同工法は、同社と共和コンクリート工業、インバックスの3社で開発した砂防えん堤構築技術。砂防ソイルセメントを内部材として活用し外壁材として景観性に優れるブロック材、衝撃に対して粘り強さを発揮する鋼製材を組み合わせた工法だ。
3社は、同工法普及のために研究会を立ち上げ、えん堤構築で最も重要となる内部材の製造と、品質維持に必要な配合試験やその指標となる現地土砂の適応性判断を積極的に実施するなど、外壁材の製造・販売だけでなく、信頼のおけるえん堤を構築する“工法”としての販売を行っている。

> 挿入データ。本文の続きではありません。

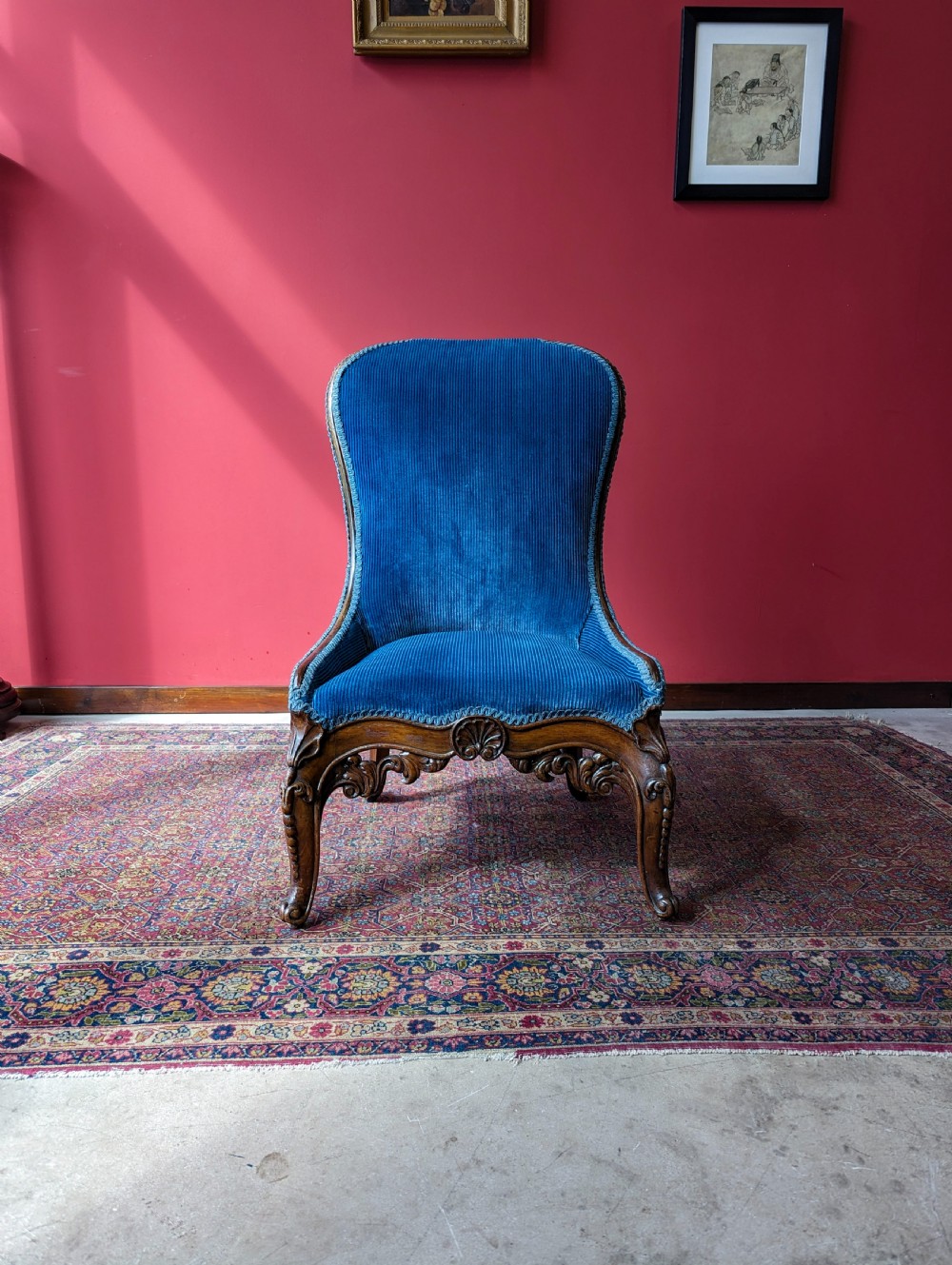 Antique Victorian Carved Mahogany Upholstered Lounge Chair View II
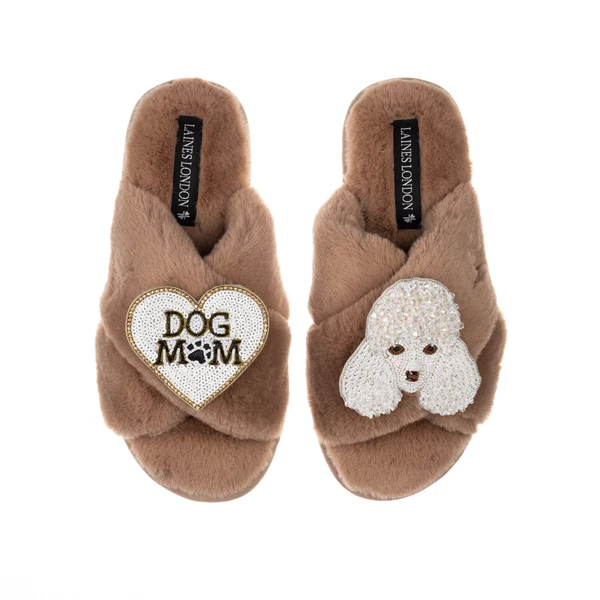 Laines London Classic Laines Slippers With Pearl The Poodle & Dog Mum / Mom Brooches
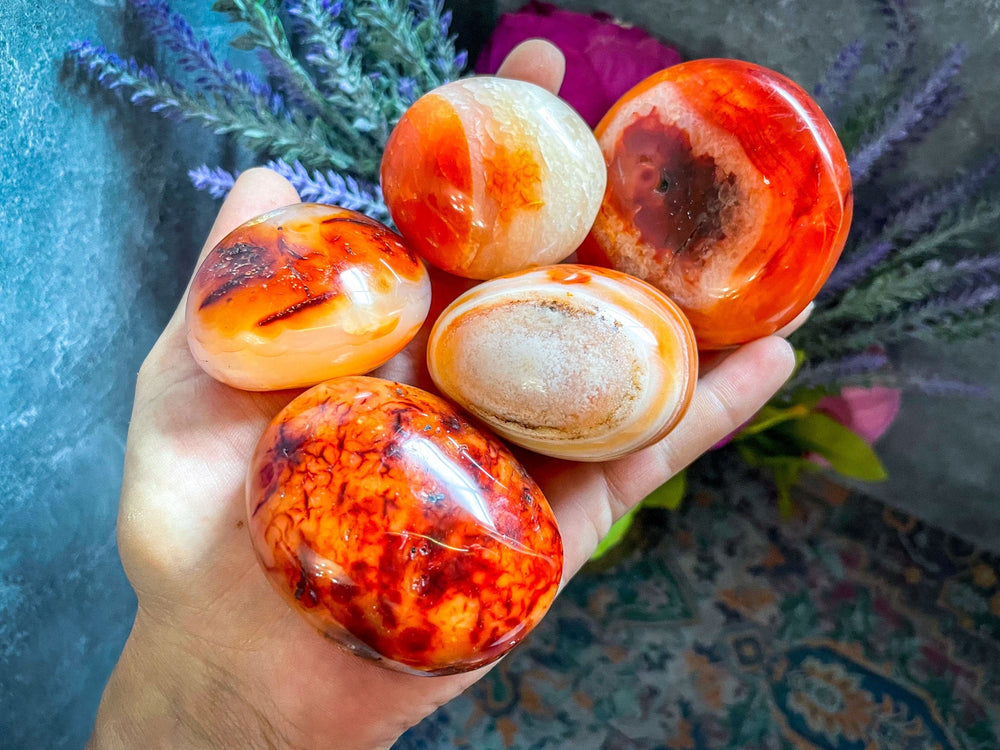 Ethically Sourced carnelian crystal Palm Stone (ONLINE ORDER ONLY)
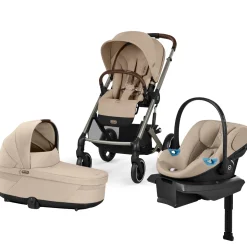 Cybex Balios S Lux + Cot + Aton G2 Travel System Bundle - Almond Beige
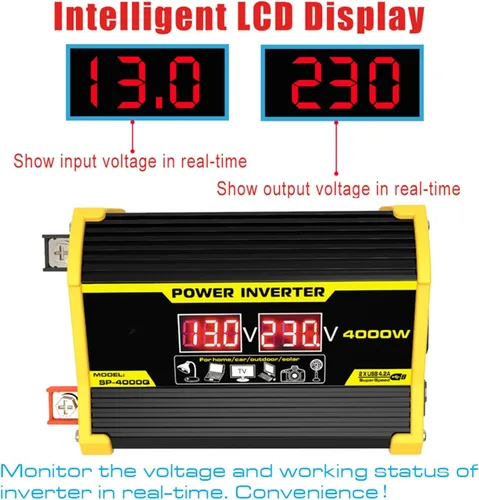 Vista 3 de Kit de panel solar con inversor de combinación de sistema solar de 4000 W, 12 V a 110 V/220 V, generador solar, sistema de red para el hogar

05年に建設技術審査証明を取得して以来、同工法はこれまで400基を超える実績を積み上げ、全国各地で防災・減災に貢献している。特に効果を発揮しているのが近年多発している自然災害の復旧事業で12年7月九州北部豪雨(熊本県阿蘇中心)、14年8月豪雨(広島県中心)、16年熊本地震で集中プラント方式による施工で多数の砂防えん堤を短期間に構築した。
同社は「ここ数年、毎年と言っていいほど大きな災害が発生している。防災・減災にこれからも寄与していける工法として、提供していきたい」としている。